Why in the News?

The Delhi High Court recently issued directives to enhance the availability of “orphan drugs” to combat rare diseases.

About the Delhi High Court Verdict:

The Delhi High Court issued directions aimed at improving the availability of “orphan drugs,” which are used to treat rare diseases.
This intervention seeks to address challenges related to the high cost of these treatments and the barriers to access for patients with rare diseases in India.

Definition: According to the World Health Organization (WHO), rare diseases are debilitating, lifelong conditions that affect 1 or fewer individuals in 1,000.
Conditions Recognized as Rare Diseases in India: Approximately 55 conditions, including Gaucher’s disease, Lysosomal Storage Disorders (LSDs), and certain muscular dystrophies, are classified as rare diseases.
National Registry: The Indian Council of Medical Research (ICMR) manages the National Registry for Rare and Other Inherited Disorders (NRROID), which has documented 14,472 patients with rare diseases.

Group 1: Diseases that can be treated with a one-time curative procedure (e.g., certain enzyme replacement therapies).
Group 2: Conditions requiring long-term or lifelong treatment, which are relatively less expensive and have documented benefits. Regular medical check-ups are necessary for patients.
Group 3: Diseases for which effective treatments are available, but they are highly costly and require ongoing, lifelong therapy. Selecting beneficiaries for these treatments presents a challenge due to the high costs.

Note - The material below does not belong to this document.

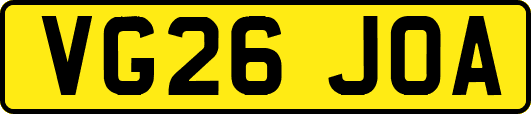 VG26JOA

National Policy for Rare Diseases (NPRD) 2021: Launched to provide financial support for the treatment of rare diseases. Patients receiving treatment at designated Centres of Excellence (CoE) can get financial assistance up to Rs 50 lakh.
Centres of Excellence: The CoEs include institutions such as AIIMS in Delhi, PGIMER in Chandigarh, and the Institute of Postgraduate Medical Education and Research at Kolkata’s SSKM Hospital.
Crowdfunding and Voluntary Donations Portal (2022): The Health Ministry launched a digital platform that allows donors to contribute toward the treatment of rare disease patients at CoEs. The portal provides details about patients, their conditions, estimated treatment costs, and bank account information of the CoEs.

Limited Treatment Options: Therapies are available for fewer than 5% of rare diseases, resulting in less than 10% of patients receiving disease-specific treatment.
High Treatment Costs: Many existing therapies for rare diseases are prohibitively expensive, putting a significant financial burden on patients and their families.
Regulatory Delays: Approval processes, such as those from the Drug Controller General of India (DCGI), can be slow. For instance, delays in approving US-based Sarepta Therapeutics’ medicines in India have affected the timely availability of treatments.
Bureaucratic Hurdles: Decision-making delays and administrative red tape further complicate access to necessary drugs, impacting patient care.
Challenges in Beneficiary Selection: Due to high treatment costs, identifying and prioritizing beneficiaries for financial assistance is difficult, potentially leaving some patients without support.

Streamline Regulatory Approvals: Expedite the approval process for orphan drugs by reducing bureaucratic hurdles and establishing a fast-track mechanism for essential treatments, ensuring timely access to life-saving medications.
Increase Financial Support and Expand Coverage: Enhance the funding cap under the National Policy for Rare Diseases and extend financial assistance to more patients, while encouraging public-private partnerships and innovative funding mechanisms like insurance coverage for rare disease treatments.